TASK DETAILS: Return the records that follow, unchanged and complete.

-------- EXTRACTED ENTRIES --------

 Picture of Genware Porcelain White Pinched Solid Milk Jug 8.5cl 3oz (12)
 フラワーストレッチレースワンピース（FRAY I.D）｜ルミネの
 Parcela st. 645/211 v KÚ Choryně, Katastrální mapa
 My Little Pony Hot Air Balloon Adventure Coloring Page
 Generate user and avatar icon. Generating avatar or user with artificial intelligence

--------

EXERCISE RESULT:
 Picture of Genware Porcelain White Pinched Solid Milk Jug 8.5cl 3oz (12)
 フラワーストレッチレースワンピース（FRAY I.D）｜ルミネの
 Parcela st. 645/211 v KÚ Choryně, Katastrální mapa
 My Little Pony Hot Air Balloon Adventure Coloring Page
 Generate user and avatar icon. Generating avatar or user with artificial intelligence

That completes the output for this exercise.